P. B. - L’investissement est lourd. Mais si on compte tout ce que le robot de traite peut apporter (la traite automatisée avec compteur à lait, gestion de la conductivité, de l’activité, gestion technique de la production, la distribution automatique des concentrés…), le différentiel de prix avec les systèmes de traite conventionnels n’est pas aussi important qu’on peut le penser. Par exemple, Pour un troupeau de 60 vaches laitières, il faut compter entre 150000 à 160 000 euros pour acquérir une station de traite robotisée bien équipée. Le différentiel de prix avec un système classique, y compris la réalisation d’un bloc traite neuf tourne autour de 40 000 à 50 000 euros. Pour un amortissement sur dix ans, cela représente 4 000 à 5 000 euros par an. Si on rajoute le prix d’un DAC (qui n’est pas obligatoire), le différentiel est pratiquement comblé. Les éleveurs font vite le calcul au regard des services que ce système peut apporter.
Est-ce que les prix baissent ?
P. B. - Non. Cela fait quinze ans que les robots de traite existent mais leur prix n’a pas baissé. Et je ne suis pas certain que leur prix va baisser parce que le marché potentiel n’est pas si énorme que cela. Ce qui est souhaitable, c’est de trouver des services après vente de plus en plus abordables d’autant que les robots sont de plus en plus fiables.
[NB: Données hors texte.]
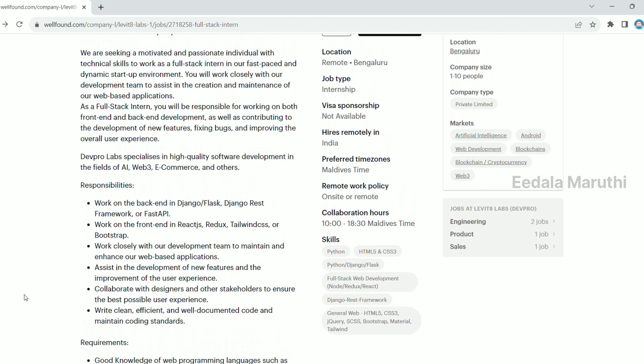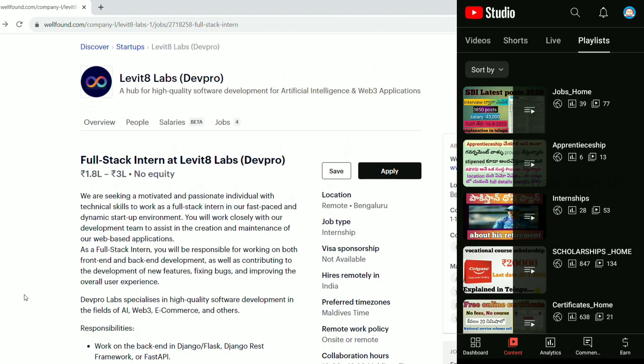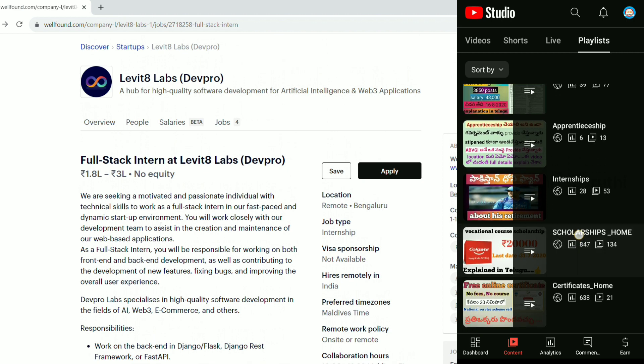You can apply for information details like job details, internships, scholarships, and other free courses with daily videos. Share with your friends for daily updates to the channel. Subscribe and cheers!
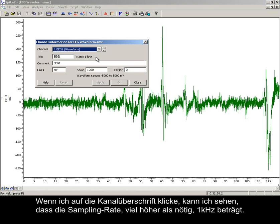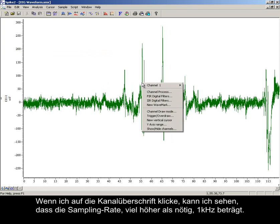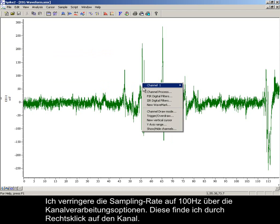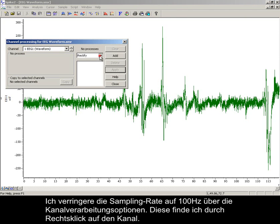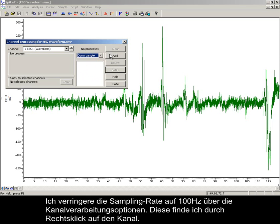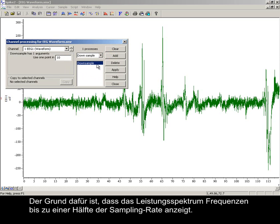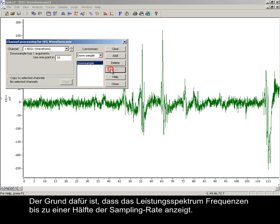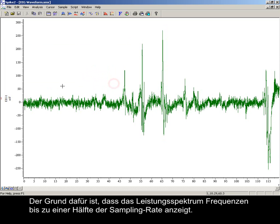Double clicking the channel title, I can see that the sample rate is 1 kHz, much higher than is necessary. I am going to reduce the sample rate to 100 Hz using the channel processing options — right click on the channel to access these. The reason for this is that the power spectra will display frequencies up to half of the sampling rate.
Actuellement la maintenance est encore chère.
L’engouement va-t-il durer ?
P. B. - Personne ne le sait parce que cela dépend aussi de l’évolution de la politique agricole et laitière en particulier. Ceux qui s’équipent semblent relativement confiants. S’il y a la fin des quotas et que l’éleveur veut augmenter sa production laitière, il faut savoir que jusqu’à 60 ou 70 vaches ou 650000 litres de lait produits, avec une seule station ça va. Au-delà, cela commence à poser des problèmes. On trouvera certainement des solutions pour améliorer la productivité des robots, mais les limites seront vite atteintes. On voit aussi de plus en plus d’installations avec deux stations pour des troupeaux de 100 à 120 vaches. Les éleveurs peuvent également se tourner vers des robots multi-stations qui sont peut-être plus adaptés aux effectifs plus importants. Dans le cas des grands troupeaux les éleveurs semblent plus se tourner vers les salles de traite rotatives. Cependant, ces systèmes peuvent coûter aussi chers qu’un robot pour traire un même nombre de vaches.
Quels sont les points à améliorer ?
P. B. - Pour la plupart des robots, le nettoyage des trayons n’est pas optimisé. Que la mamelle soit propre ou sale, les trayons sont lavés de la même manière. La meilleure solution consiste à assurer la propreté des animaux en amont. A priori la qualité sanitaire des laits issus de robots de traite est équivalente aux autres systèmes de traite. Mais il faut que le troupeau soit bien mené. Par ailleurs, la détection des laits anormaux en temps réel n’est pas encore totalement possible. Si on détecte facilement et précisément du sang dans le lait, il n’existe pas actuellement de détecteur de mammites à la fois suffisamment sensibles pour détecter toutes les vaches laitières à problème tout en ayant une grande spécificité (quartiers faux positifs). C’est le nouveau pari des constructeurs qui ont réalisé ces dernières années des recherches importantes afin de mettre au point des capteurs performants qui arrivent actuellement sur le marché.
IDENTITE
Pierre Billon est le spécialiste traite de l’Institut de l’élevage. Il a mené de nombreux travaux sur les différents systèmes de traite.